Data Collection: Less is More

I have developed a bit of a reputation for being a strong privacy advocate, so it should not come as a surprise that I favor minimum data collection. Here’s why you should too.

Data for monetezation

Many silicon valley startups have started with the approach for “collect user data now, figure out what to do with it later.” This outdated idea assumes two things: 1) that you can do whatever you want with data after you have collected it, and 2) you have no obligation to keep track of that data or any information about that data. Both of these assumptions are false.

What you can do with data

What you can do with a user’s data depends on where that user resides. Increasingly more states are enacting controls on what data is collected and used, and a users rights to information about that data or correction of data. So you may have to know where the user you collected data from is located and what laws are in effect at the time the data was collected. Depending on what jurisdiction you collected it from, the user may need to explicitly consent to any future use that you have yet to envision in order for you to use it.

Keeping track of data

So according to what I already discussed, you need to keep track of where and when you collected user data. You may need to keep track of exactly what that user agreed to you using the data for. And you need to keep track of where the data resides. You will need to keep track of who can access that data, too. If you get big (and who doesn’t want that?) you will become liable for any data that was leaked, particularly if it includes things like financial, health, or other sensitive data. Unless you have strong controls, you can’t even use that data for development or troubleshooting.

Data is a liability

You may or may not have been dissuaded from collecting user data yet. But there’s more! Over time, I have had many discussions of the impact of various data collection schemes with entrepreneurs and they are always surprised when I tell them what could happen to that data. Just by collecting data you could make yourself a target for a whole host of actors.

State and national regulators

Everyone has started to collectively groan as state and federal lawmakers come up with new data breach laws. As discussed above, you need to know where user data is at all times (and how to contact those users!) in case the worst happens. Thankfully, this generally only applies to financial data because any operation to notify users and answer their questions gets expensive fast.

Increasingly, regulators are concerning themselves with issues beyond the data breach. In California, for example, the AG has started taking actions against website operators for not obtaining appropriate consent for data they sell.

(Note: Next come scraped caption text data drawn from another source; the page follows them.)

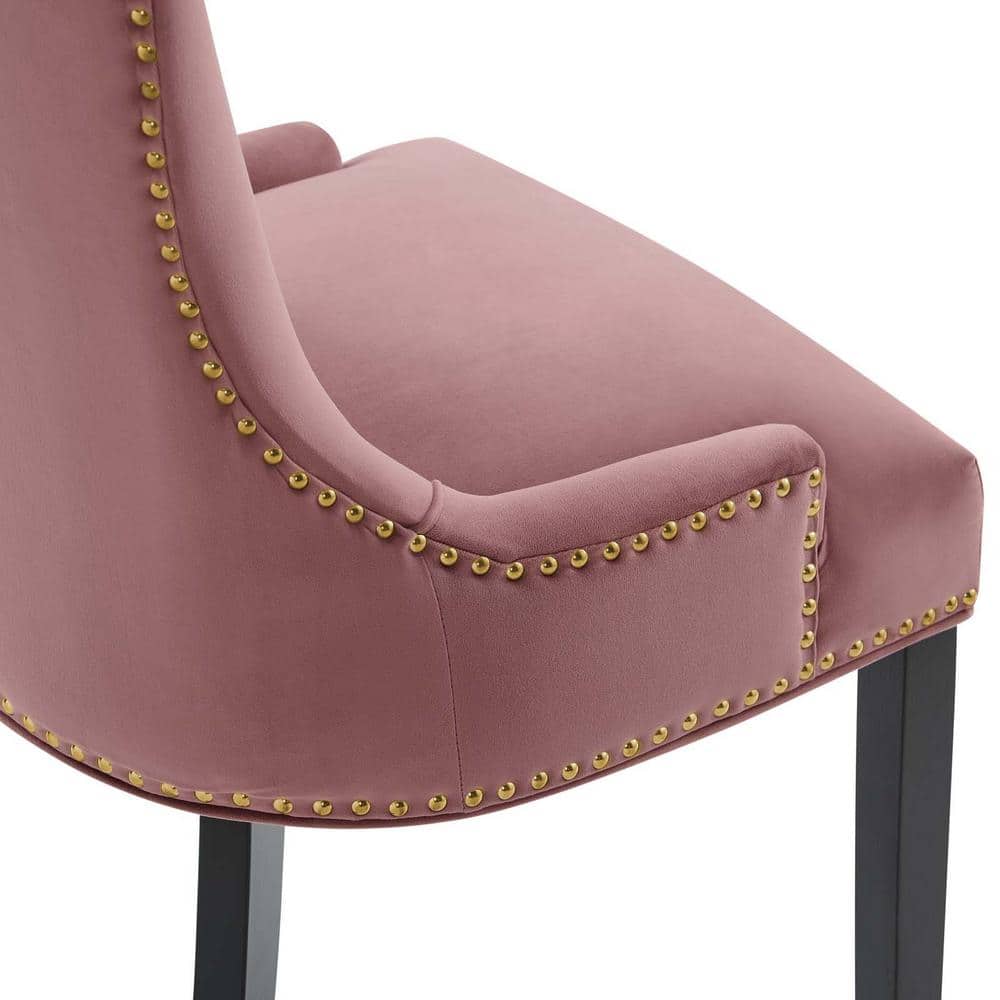 Dusty Rose Velvet Upholstered Side Chair with Wood Legs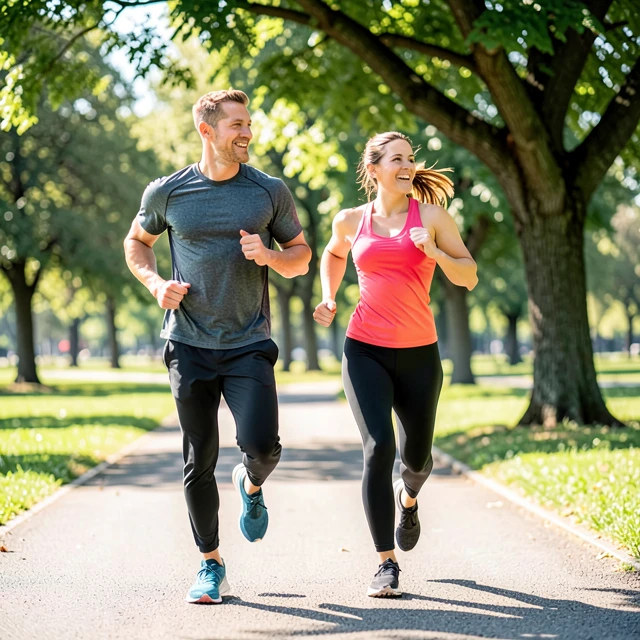 Couple exercising to boost fertility
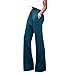 Women Casual Fashion Sexy Flared Pants High-Waisted Flared Stretch with Belt Pants Personality Bell Classic Pants (Navy Blue,XX-Large,5,OZ)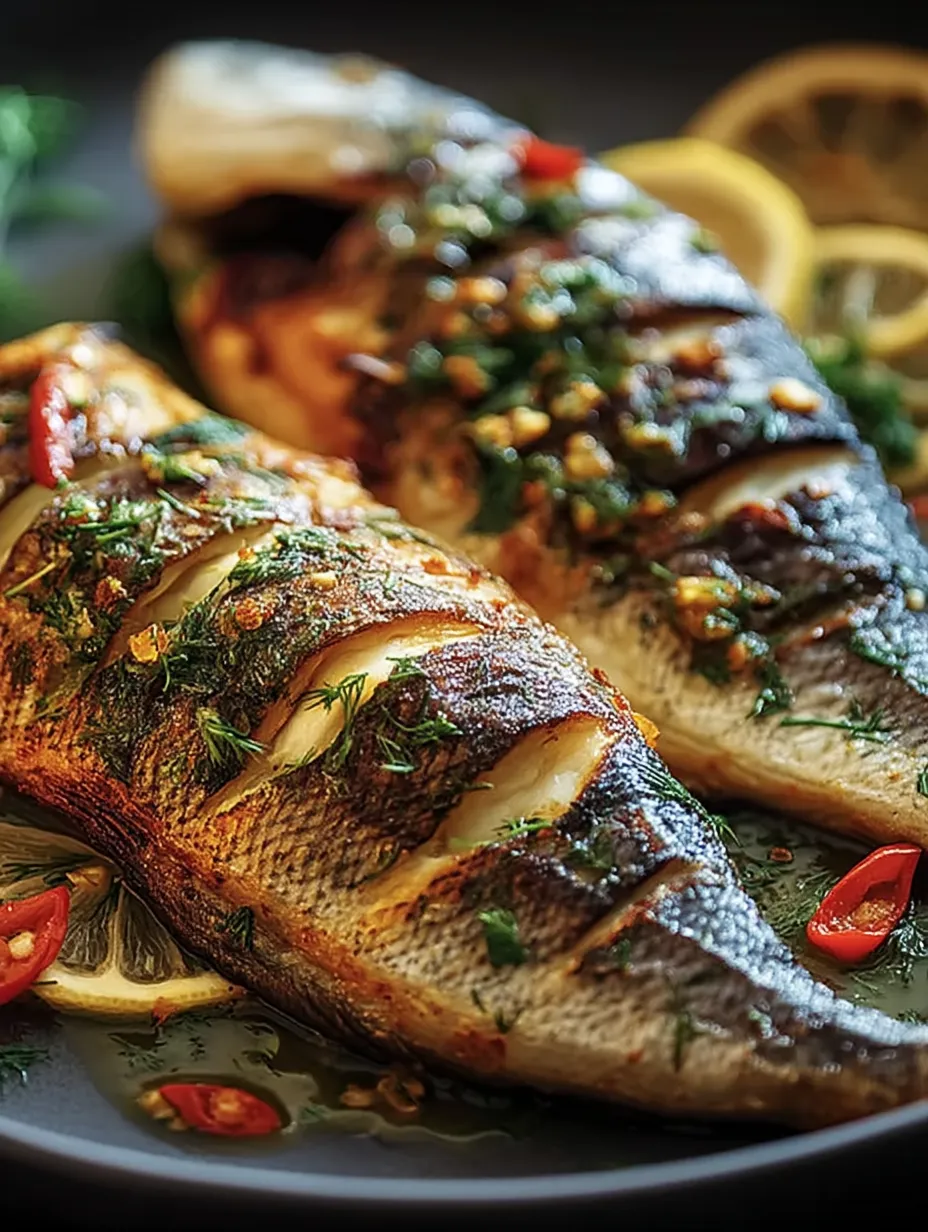 Grilled fish with a zesty touch.
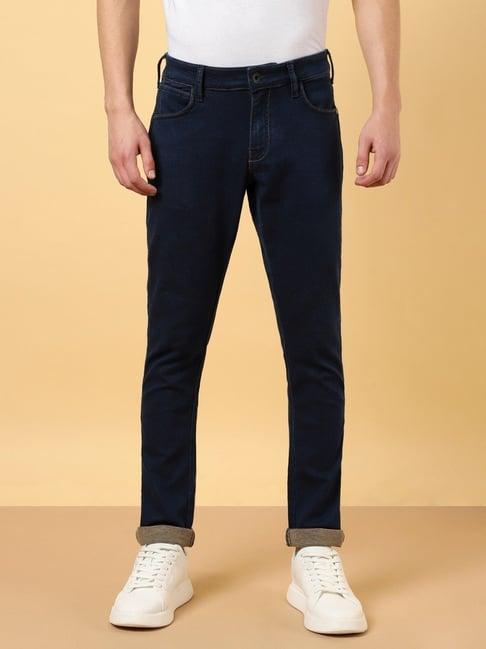 wrangler worker blue cotton skinny fit jeans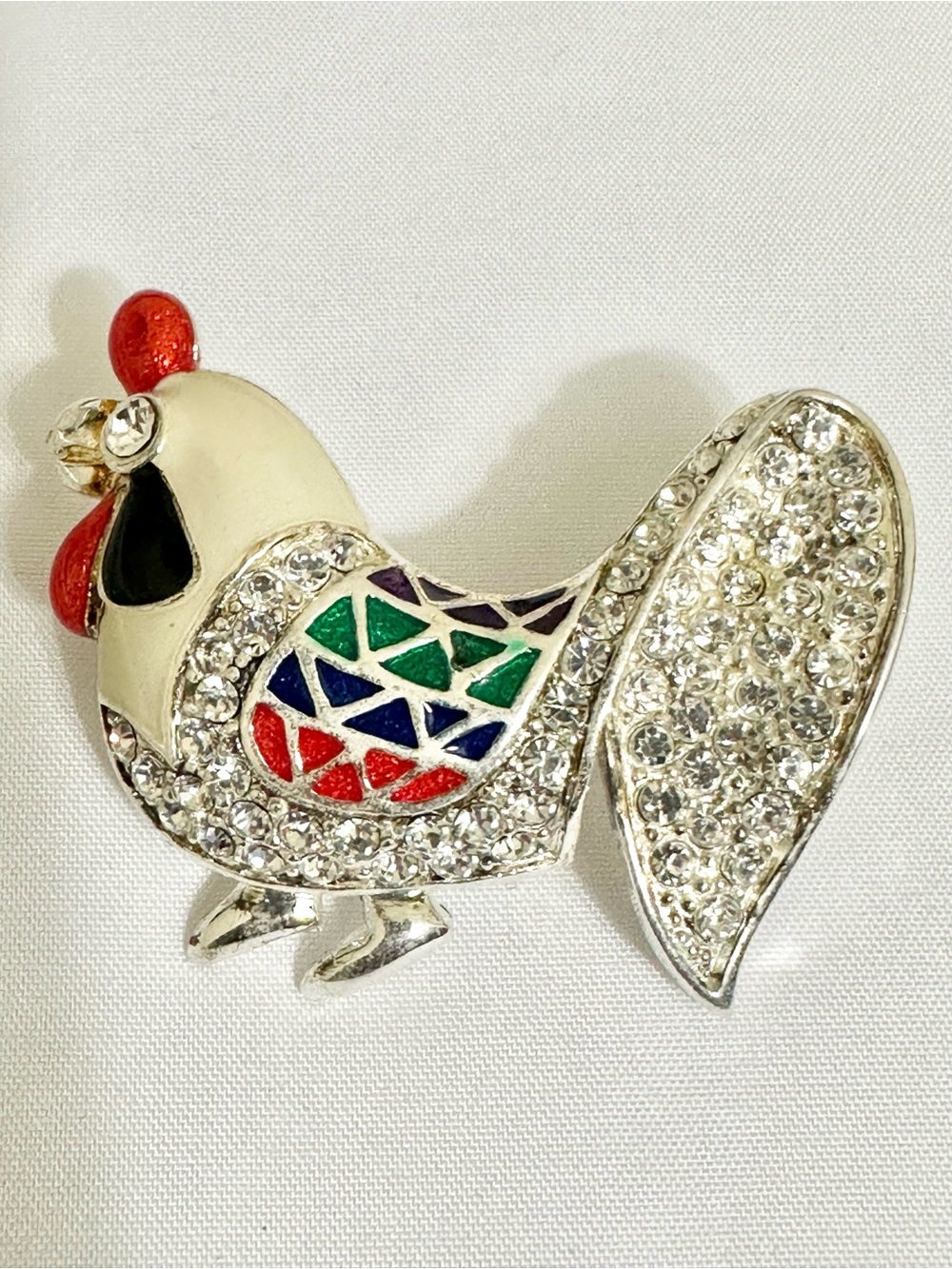 Vintage Multicolored Enamel w/Clear Crystals Rooster Brooch - Silver-Tone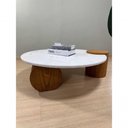 Ver imagem 5 de Mesa de Centro Orbita Redonda Marmore Branco Extra Madeira 110cm Branco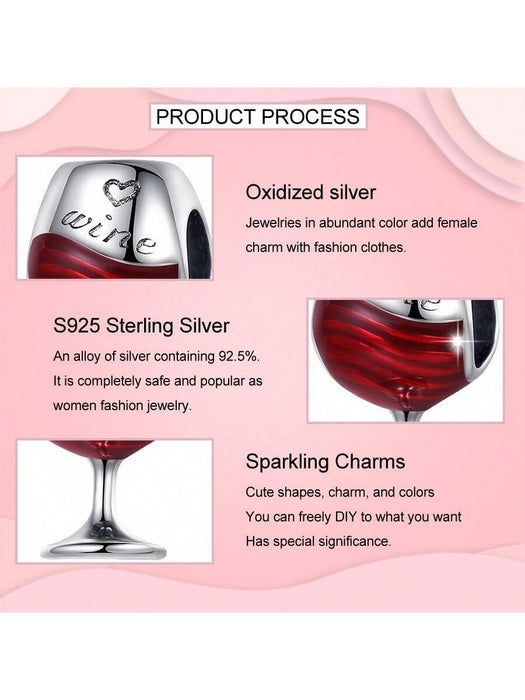 Dije o Charm de copa de vino plateada para pulseras - Quierox - Tienda Online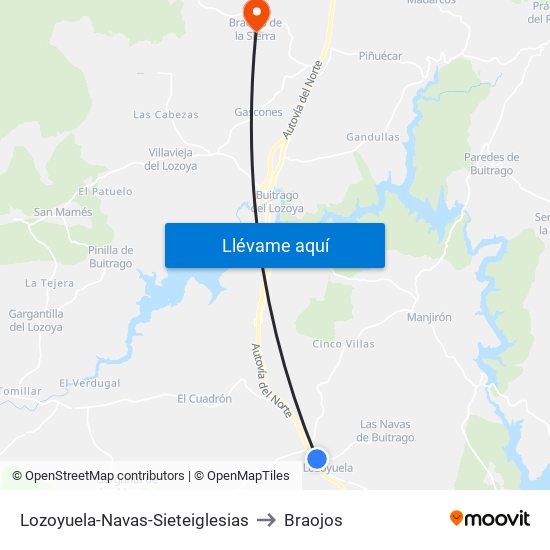 Lozoyuela-Navas-Sieteiglesias to Braojos map
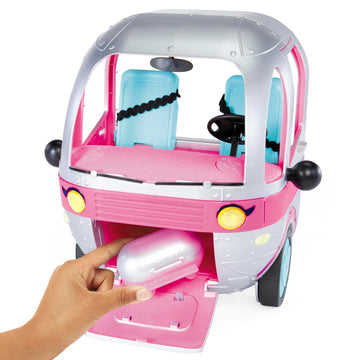 LOL Surprise Glamper - Metallic Silver, Fashion Camper Deluxe Doll Playset, 55+ Surprises, Fully Furnished, Working Lights and Sounds, Gift for Kids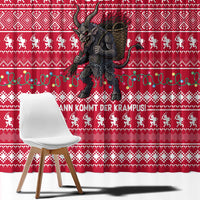 Austria Christmas Window Curtain with German Text Red Pattern and Festive Lights - Wonder Print Shop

Many other states are following suit which could foreseeably result in multiple large fines for the same data.

If you’re looking beyond the United States, there are even more stringent restrictions on what you can do with data collected from users. It is advisable that anyone involved in collection, storage, or processing user data in Europe consult an attorney on the proper handling of that data because the law is so deep and nuanced. Brazil, Japan, China, and most of the rest of the world has some kind of data regulation you need to carefully observe.

Users themselves

In most places where privacy laws have been enacted, they nearly universally come with a right of access and/or deletion for users. You not only need to keep track of where every bit of each user’s data is stored, you need to have a plan in place for deleting each bit of it if so requested.

The law is still out on whether you need to go through all your offline backups and delete information from there if a user requests deletion. You almost certainly would be liable if you had to restore from backup and you restored data for a user that had requested deletion.

Anyone who files a lawsuit or divorce

This is where most of the surprise comes from for entrepreneurs. In the US, under the Third Party Doctrine, if someone gets beyond the very low bar for discovery in any court case by or against one of your users and any party thinks the data you have collected could relate in any way to that case, you must turn it over when they ask for it. You can theoretically resist, but are you really ready for the very high attorney bills that come from defending a properly formulated and served subpoena? That is extremely hard to win even in the most specious of circumstances. It is really best to just not collect that data in the first place.